Stock trading: Some high-frequency stock traders utilize a technique
called pairs trading . In pairs trading, an identified strong positive
correlation between the prices of two stocks is used to detect a market
opportunity. Suppose the stock prices of Company A and Company B
consistently move together. Time series analysis can be applied to the
difference of these companies' stock prices over time. A statistically larger
than expected price difference indicates that it is a good time to buy the
stock of Company A and sell the stock of Company B, or vice versa. Of
course, this trading approach depends on the ability to execute the trade
quickly and be able to detect when the correlation in the stock prices is
broken. Pairs trading is one of many techniques that falls into a trading
strategy called statistical arbitrage .
8.1.1 Box-Jenkins Methodology
In this chapter, a time series consists of an ordered sequence of equally spaced
values over time.
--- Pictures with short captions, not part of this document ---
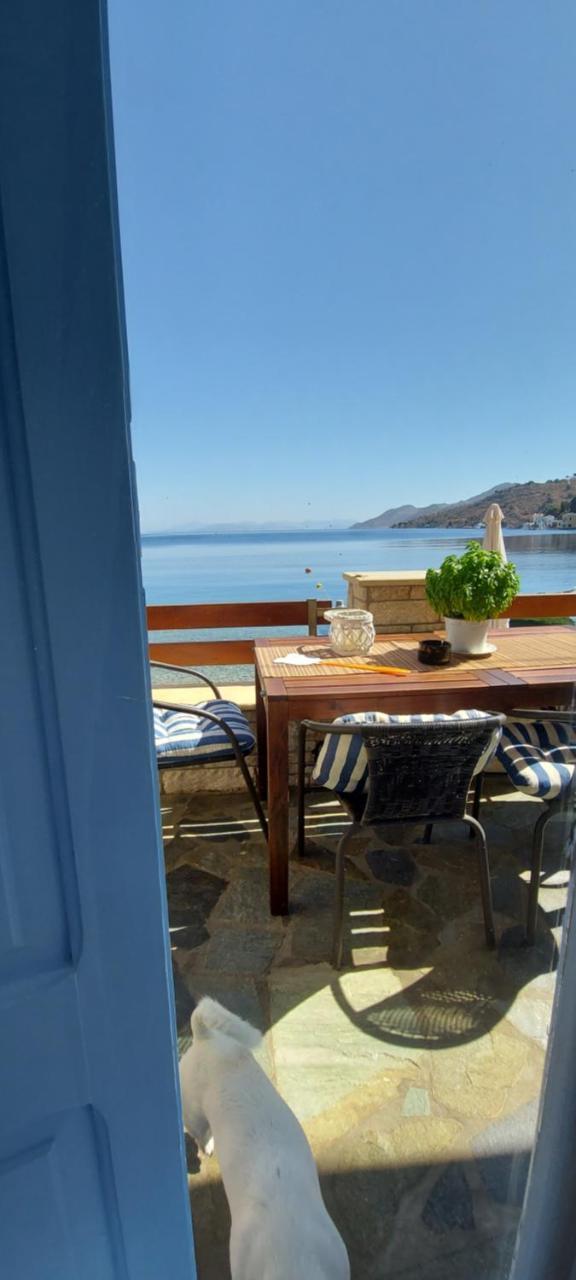 Symi . Villa Calme (Sur la Mer). 1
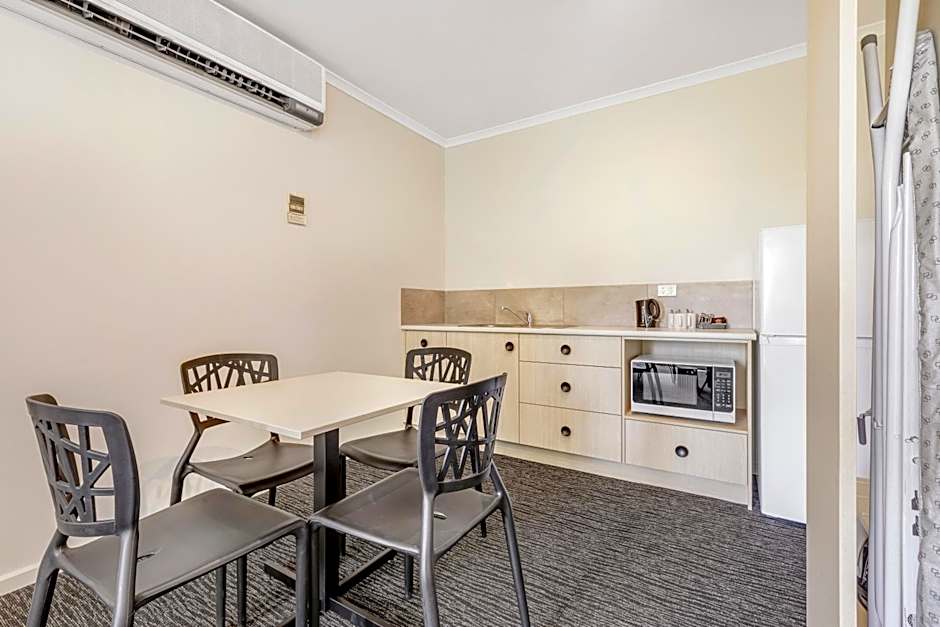 Nightcap at Findon Hotel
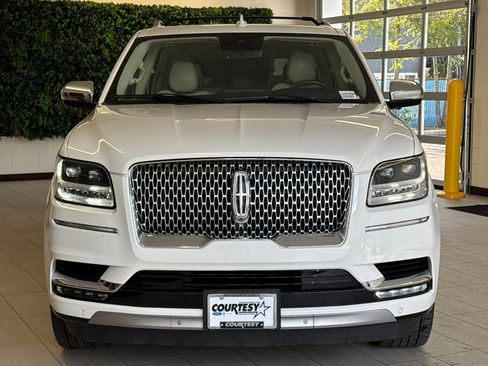 Certified 2021 Lincoln Navigator L Black Label w/ Cargo Convenience Package image 9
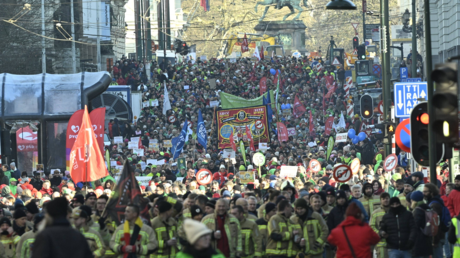 Huelga masiva contra medidas de austeridad causa caos en Bélgica (FOTOS, VIDEO)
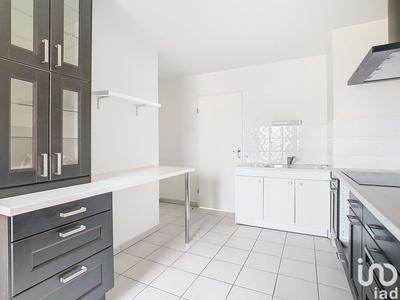 Appartement - 102 m² - 5 pièces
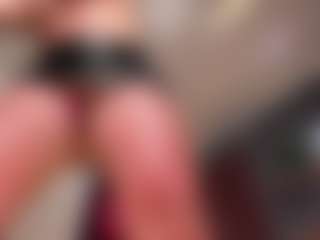 EmilyJhonsonn's Live Sex Cam Show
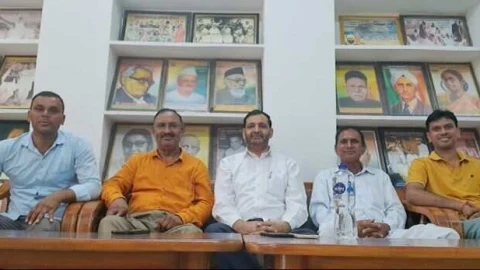 विश्व शांति को लेकर आदर्श समाज समिति इंडिया के कार्यालय में हुई बैठक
Examples of a time series are monthly unemployment rates,
daily website visits, or stock prices every second. A time series can consist of the
following components:
• Trend
• Seasonality
• Cyclic
• Random
The trend refers to the long-term movement in a time series. It indicates whether
the observation values are increasing or decreasing over time. Examples of trends
are a steady increase in sales month over month or an annual decline of fatalities
due to car accidents.
The seasonality component describes the fixed, periodic fluctuation in the
observations over time. As the name suggests, the seasonality component is often
related to the calendar. For example, monthly retail sales can fluctuate over the
year due to the weather and holidays.